Data in this exercise:
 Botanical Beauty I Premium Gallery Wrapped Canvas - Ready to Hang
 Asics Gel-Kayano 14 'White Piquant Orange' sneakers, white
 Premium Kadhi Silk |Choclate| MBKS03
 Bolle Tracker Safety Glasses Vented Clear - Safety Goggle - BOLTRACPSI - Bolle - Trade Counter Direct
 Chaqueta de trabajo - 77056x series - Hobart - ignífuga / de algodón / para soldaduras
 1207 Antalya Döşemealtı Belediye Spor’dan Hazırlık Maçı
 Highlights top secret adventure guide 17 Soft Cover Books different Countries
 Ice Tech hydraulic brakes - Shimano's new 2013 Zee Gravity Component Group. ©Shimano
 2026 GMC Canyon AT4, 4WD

==

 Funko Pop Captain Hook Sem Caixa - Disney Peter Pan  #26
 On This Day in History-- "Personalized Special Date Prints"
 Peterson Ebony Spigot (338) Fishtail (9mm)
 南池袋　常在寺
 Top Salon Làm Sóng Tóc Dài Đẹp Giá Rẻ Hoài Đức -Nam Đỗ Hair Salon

What is expected:
Among the lines above, which ones hold the string "Premium"? Show them.

Final answer:
 Botanical Beauty I Premium Gallery Wrapped Canvas - Ready to Hang
 Premium Kadhi Silk |Choclate| MBKS03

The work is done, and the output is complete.